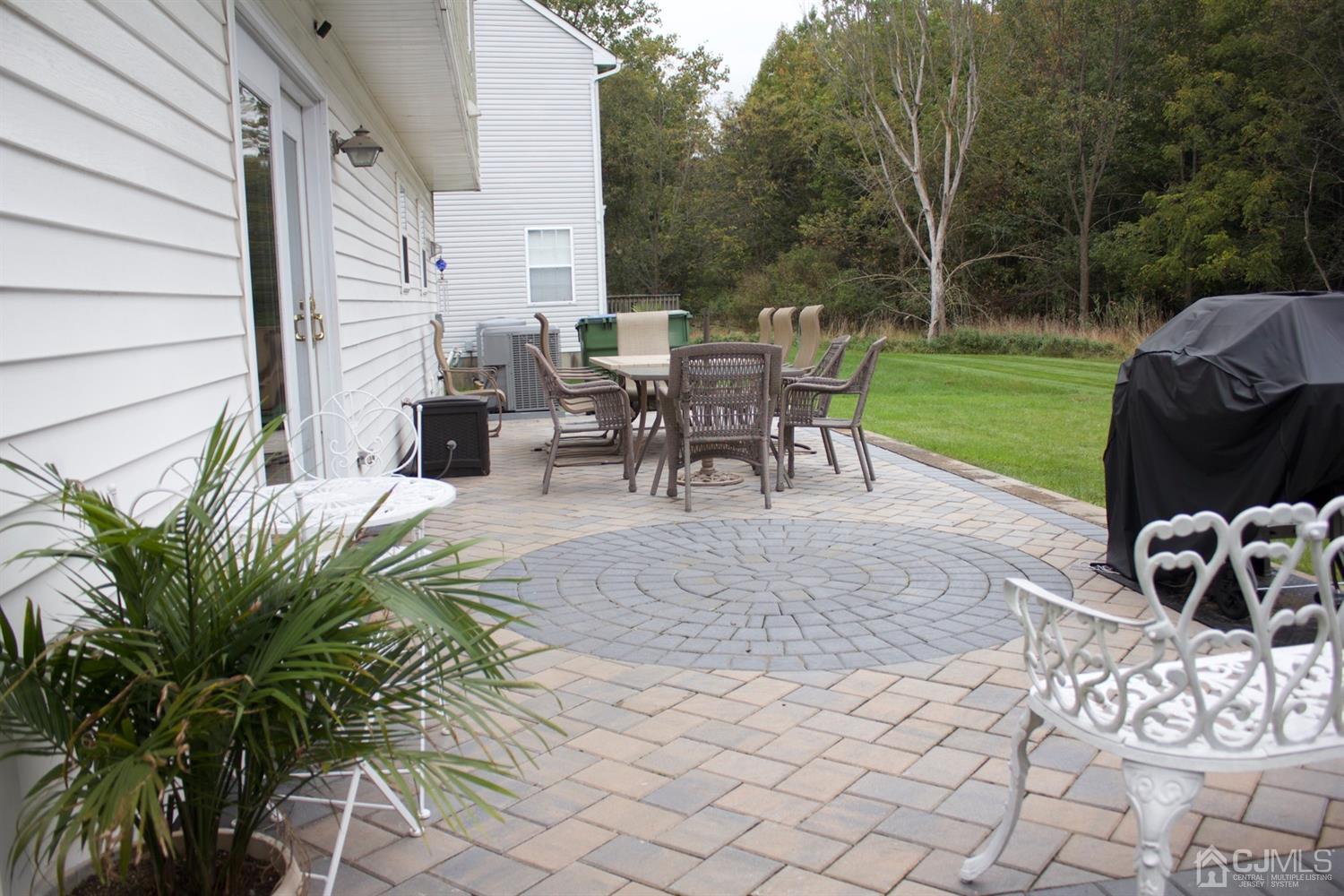 81 Alexander Street Edison, NJ 08820 - Photo 4 of 19 Gallery Image 4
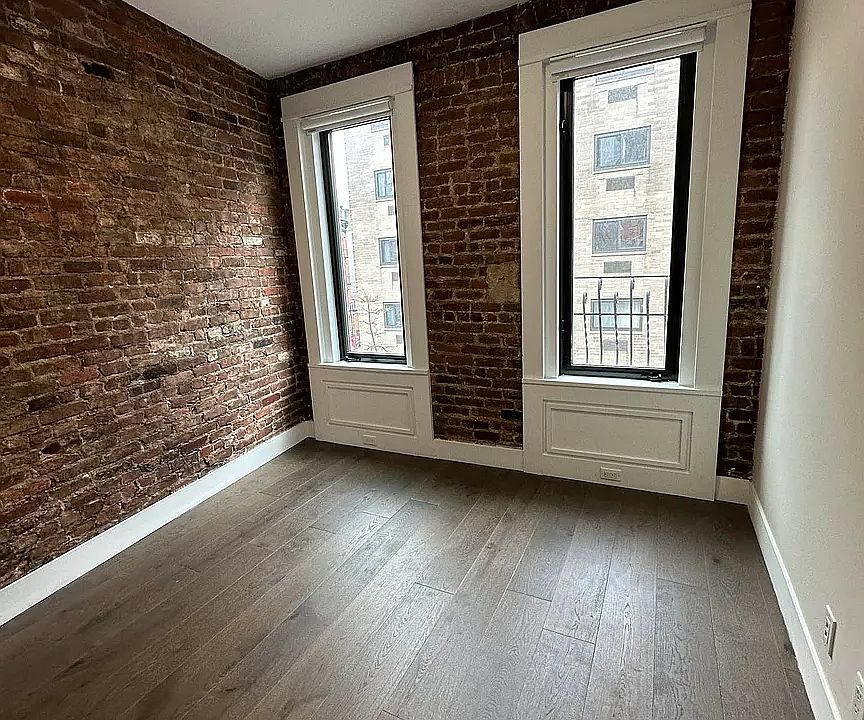 1st image of 49 Prince St #25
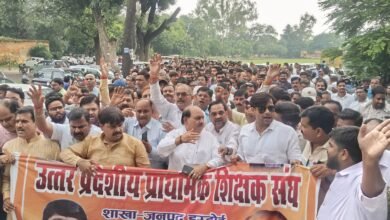 Photo of शिक्षकों ने ज्ञापन देकर माँगा न्याय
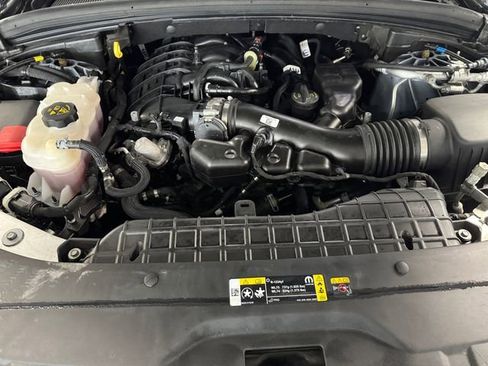 Used 2025 Jeep Grand Cherokee L Summit AWD/4WD image 6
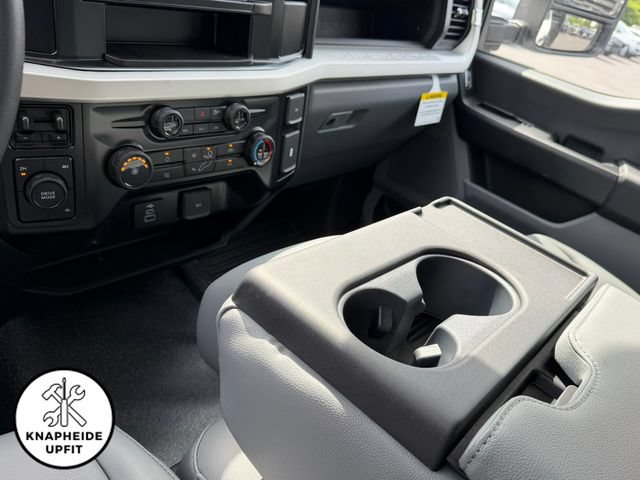 New 2026 Ford F550 4x4 Regular Cab Super Duty image 23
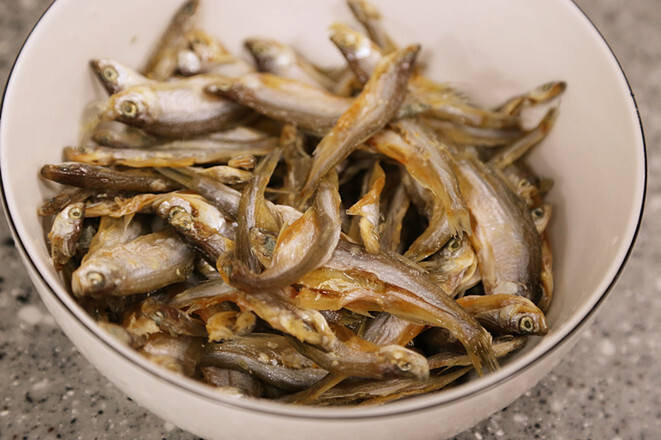 香辣毛豆米炒小鱼干 第1张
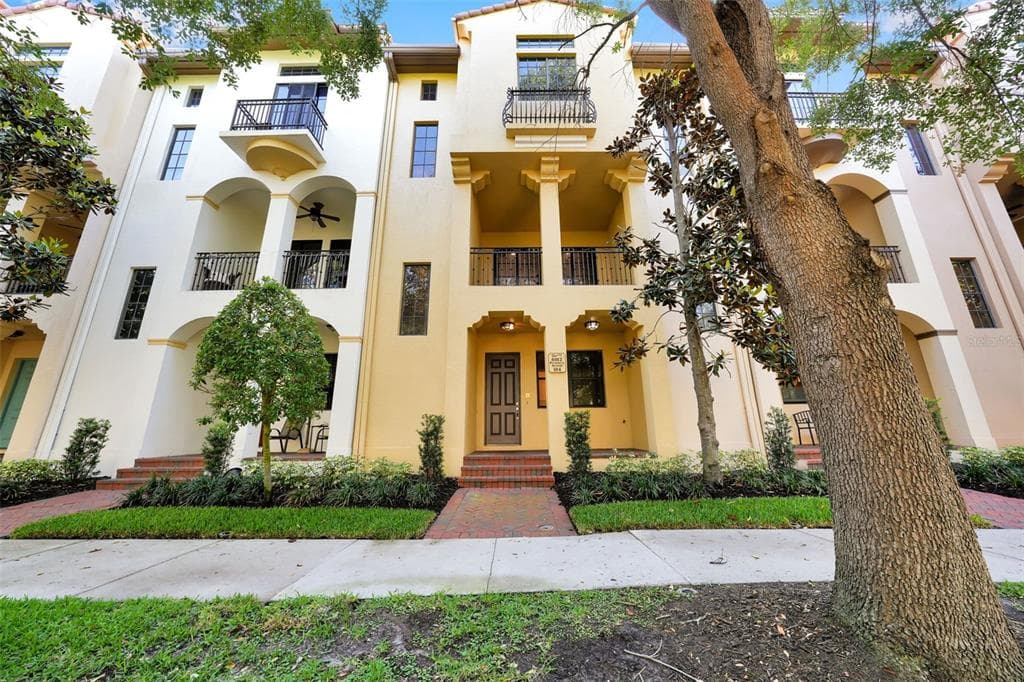 6012 PRINTERY STREET UNIT 104 TAMPA, FL 33616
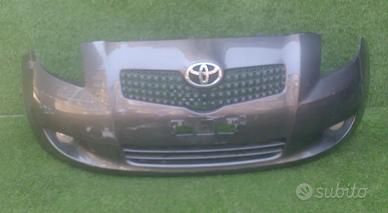 PARAURTI ANTERIORE COMPLETO TOYOTA Yaris Serie (08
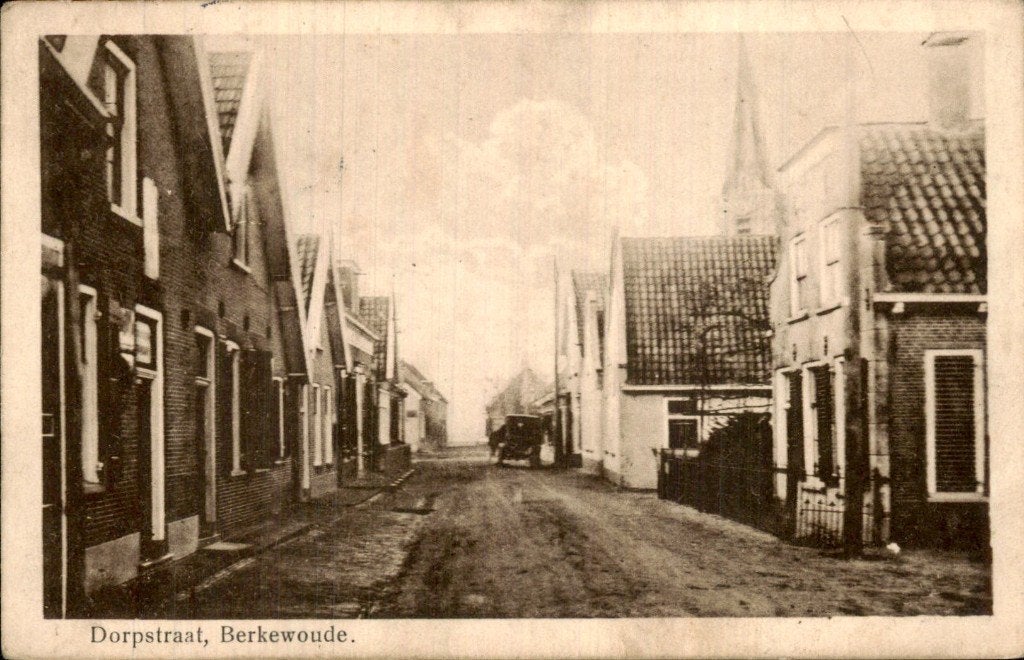 Berkewoude - Dorpstraat - Straatbeeld, Ophalen of Verzenden, 1920 tot 1940, Gelopen, Zuid-Holland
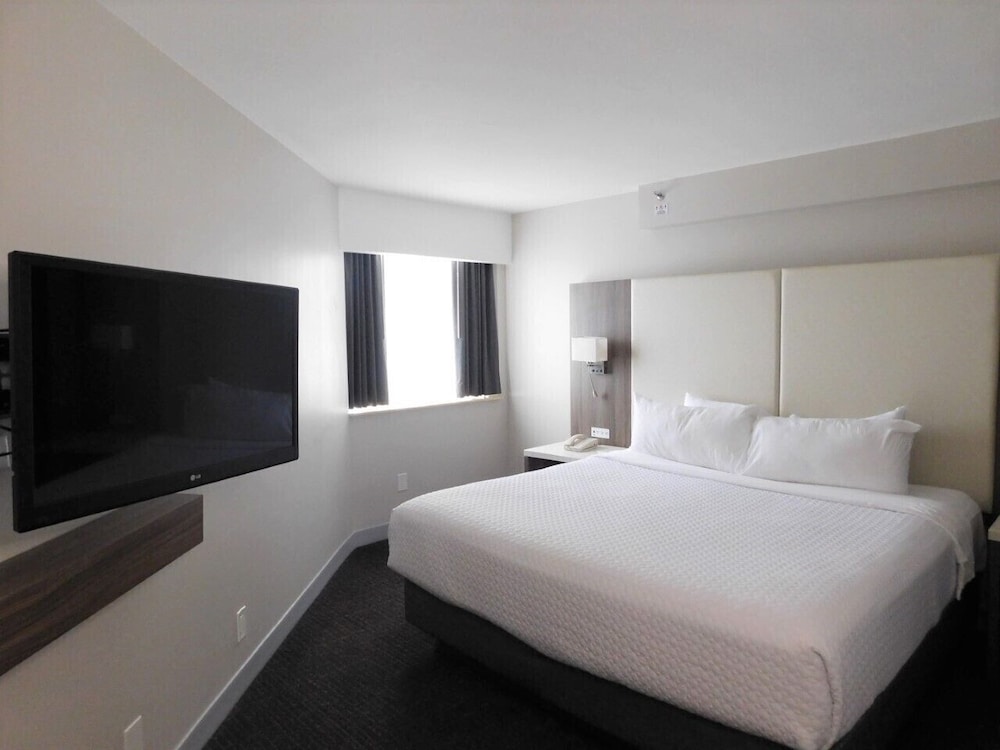 Crowne Plaza Houston Med Ctr Galleria Area by IHG - photo 9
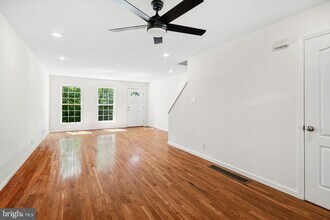 396 Delmar St in Philadelphia, PA - Building Photo - Building Photo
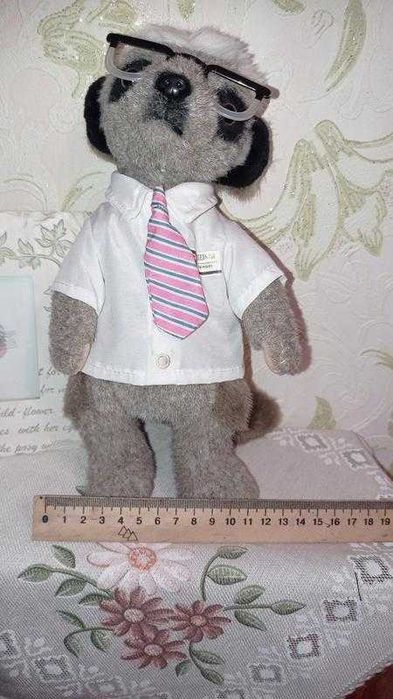 Коллекционная игрушка сурикат Сергей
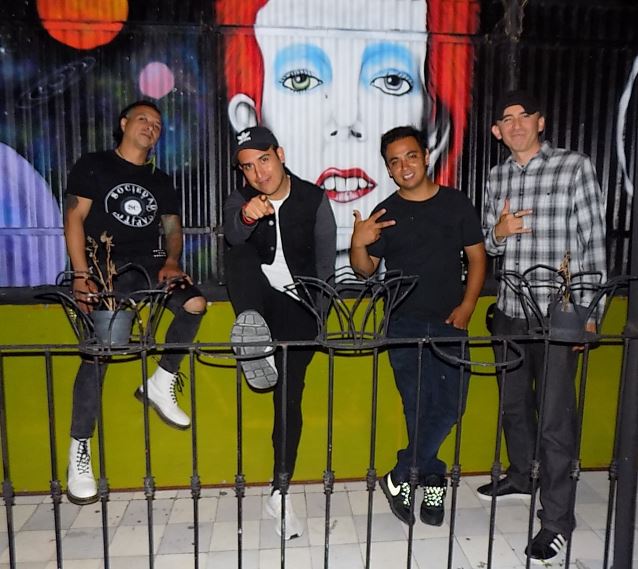 La banda mexicana Sociedad Capitol estrenará en breve el sencillo Cadenas, la cual se caracteriza por tener un sonido energético, lleno de riffs y rap...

## EXERCISE REQUIREMENTS
Write out exactly the lines above between the one with "1st image of 49 Prince St #25" and the one with "Коллекционная игрушка сурикат Сергей", inclusive, with pictures left out.

## OUTPUT
 1st image of 49 Prince St #25
 Photo of शिक्षकों ने ज्ञापन देकर माँगा न्याय
 Used 2025 Jeep Grand Cherokee L Summit AWD/4WD image 6
 New 2026 Ford F550 4x4 Regular Cab Super Duty image 23
 香辣毛豆米炒小鱼干 第1张
 6012 PRINTERY STREET UNIT 104 TAMPA, FL 33616
 PARAURTI ANTERIORE COMPLETO TOYOTA Yaris Serie (08
 Berkewoude - Dorpstraat - Straatbeeld, Ophalen of Verzenden, 1920 tot 1940, Gelopen, Zuid-Holland
 Crowne Plaza Houston Med Ctr Galleria Area by IHG - photo 9
 396 Delmar St in Philadelphia, PA - Building Photo - Building Photo
 Коллекционная игрушка сурикат Сергей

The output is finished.